When I launched my first online course back in 2021, I had 11 students. Eleven brave souls who trusted a stranger on the internet to teach them something useful. Today, that number is in the thousands, and every single month I get emails from former students telling me what worked, what didn't, and where they got stuck.
That feedback loop is the backbone of my curriculum. It's how I refine every module, every lesson plan, every worksheet. And it's why I'm writing this particular guide right now — because over the past year, one topic has come up more than almost any other in my student community: how to build an income stream around AI without becoming an AI researcher.
This is the module I wish I had handed them on day one. So I'm sharing it publicly today. Consider it a free preview of the kind of thinking I build into my paid programs.

Let me walk you through the five approaches I teach in my recurring-revenue curriculum, complete with the real numbers, the lesson-learned stories, and the exact framework I give my students when they're starting from zero.
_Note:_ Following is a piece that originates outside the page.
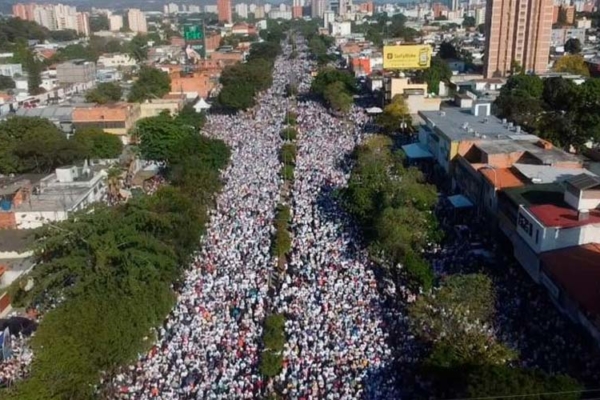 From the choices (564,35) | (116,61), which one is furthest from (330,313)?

Lesson 1: Stop Selling APIs — Sell Simplicity

The biggest mistake I see in my cohort every single semester is what I call "the engineer trap." A technically skilled person sees an opportunity, dives straight into the product, and starts building a dashboard with seventeen API endpoints, real-time usage charts, and a billing system hooked up to Stripe.
Then they wonder why nobody signs up.
Here's the lesson learned after watching this play out dozens of times: your customers do not want to interact with an API. They never did. Even the developers among them — the ones who could technically integrate a raw API in an afternoon — would rather pay a premium for someone else to handle the messy parts.
This is the foundation of the entire business model, and I make it the very first module in my curriculum because if you don't internalize this concept, none of the other lessons will land.
The structure is straightforward in theory. You take an existing AI API platform, wrap it in a friendlier experience, and resell it to people who either don't have the time, the patience, or the technical depth to do it themselves. You become the translator between raw infrastructure and the end user.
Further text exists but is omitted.